Editorial: Oil, metals and Russia’s triumph

The geopolitical scene is being dominated by the hot war that erupted between Georgia and Russia last week, which has delivered victories to the Great Bear so on many levels.

In just a few days of intense combat, the Russian government has shown sinister virtuosity in simultaneously: stoking long-ached-for nationalist pride in Russians; crushing Georgia’s military capacity and keeping it from joining NATO; putting a higher risk premium on non-Russian pipelines in the Caucasus; deeply intimidating Russia’s other West-leaning, ex-Soviet-block neighbours; revealing America’s tired political will; and exposing the moral bankruptcy of liberal institutions like the European Union, whose members value energy imports from Russia over the hard-won new freedoms of its smaller neighbours.
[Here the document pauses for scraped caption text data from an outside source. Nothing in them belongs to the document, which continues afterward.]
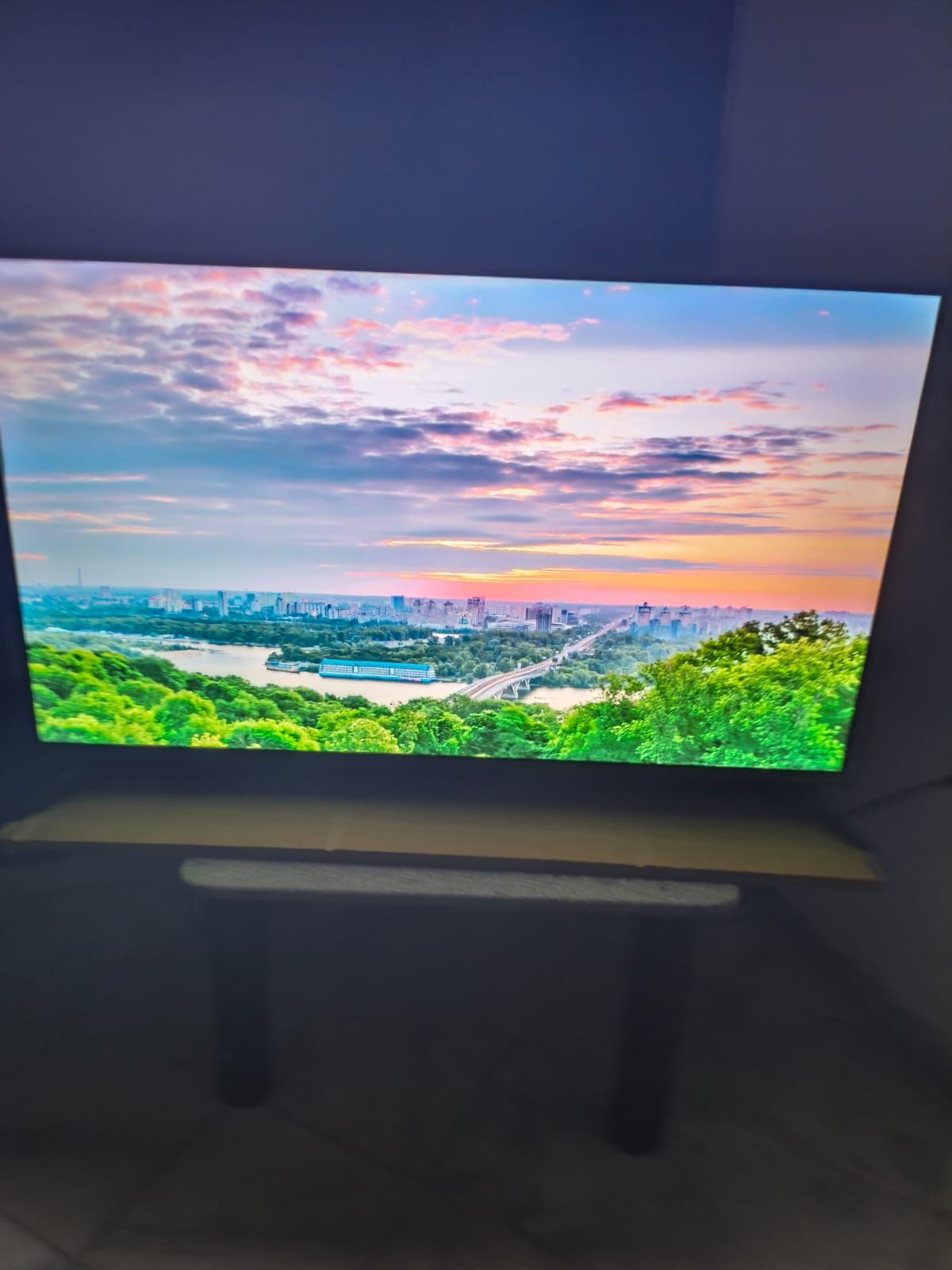 Un televisor mostrando un paisaje con un río, vegetación y el horizonte de una ciudad.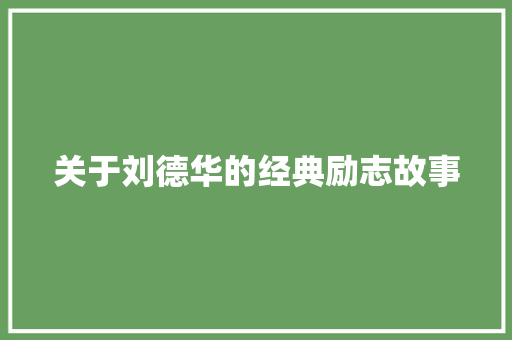 关于刘德华的经典励志故事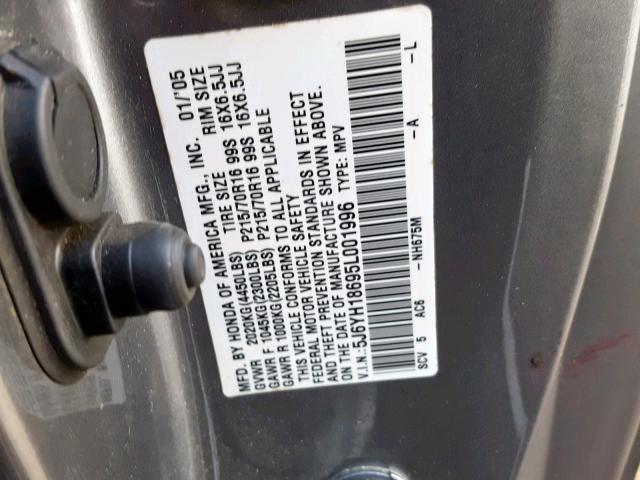 5J6YH18695L001996 - 2005 HONDA ELEMENT EX GRAY photo 10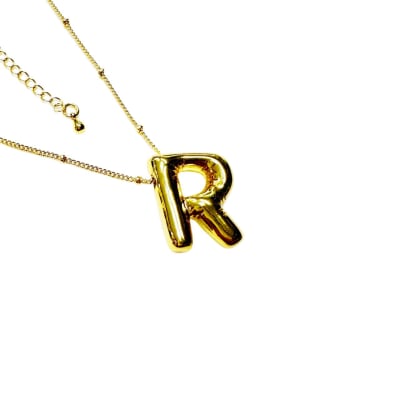 CADENA LISTA B/ORO BALIN COLGANTE INICIAL R1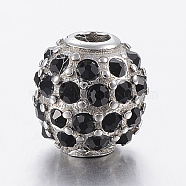 304 Stainless Steel Rhinestone Beads, Round, Black, 10mm, Hole: 3mm(STAS-F150-025AS-01)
Plus, with exquisite theatricality, Russian Prime Minister Vladimir Putin’s “Joker-like” timing in launching the devastating assault on Georgia at the exact moment world leaders gathered for the rice-and-circuses of the Beijing Olympics has shown for all who care to see the relative merits of “hard” and “soft” power.

Gold responded to the war in the Caucasus with its vaunted “safe-haven” behaviour.
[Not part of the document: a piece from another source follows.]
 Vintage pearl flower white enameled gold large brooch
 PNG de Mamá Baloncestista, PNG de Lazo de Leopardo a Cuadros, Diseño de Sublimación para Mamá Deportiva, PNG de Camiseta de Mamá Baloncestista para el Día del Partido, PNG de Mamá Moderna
It jumped about US$50 per oz. on news that the Russian military was pouring into Georgia’s South Ossetia region and bombing military installations throughout Georgia, and then gave back those gains a few days later as the situation stabilized with Russia consolidating its territorial and political gains.

BP has shut down its 90,000-barrel-a-day oil pipeline running from Baku on the Caspian Sea to Supsa on Georgia’s Black Sea coast, describing the move as “precautionary.”
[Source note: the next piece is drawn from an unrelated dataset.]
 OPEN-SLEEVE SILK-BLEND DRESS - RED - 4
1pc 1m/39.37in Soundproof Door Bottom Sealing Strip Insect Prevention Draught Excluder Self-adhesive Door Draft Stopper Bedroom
The larger BP-operated pipeline stretching from near Baku to Tiblisi to Ceyhan on Turkey’s Mediterranean coast near Syria was already out of commission after an attack on its Turkish section by the Kurdistan Workers’ Party (PKK) just three days before the Russian assault on Georgia.

A third BP oil-export pipeline in Georgia is still open.

To the delight of oil users, a stronger U.S. dollar combined with slumping global oil demand pushed sweet crude down sharply to three-month lows around US$113 per barrel at presstime, compared to oil’s July 11 high of US$147.27.

While China is reporting that its oil imports were down 7% in July compared to a year ago, the International Energy Agency has chopped its forecast for oil-product demand from 30 developed countries to 48.6 million barrels per day, or a deterioration of 1.3% from last year.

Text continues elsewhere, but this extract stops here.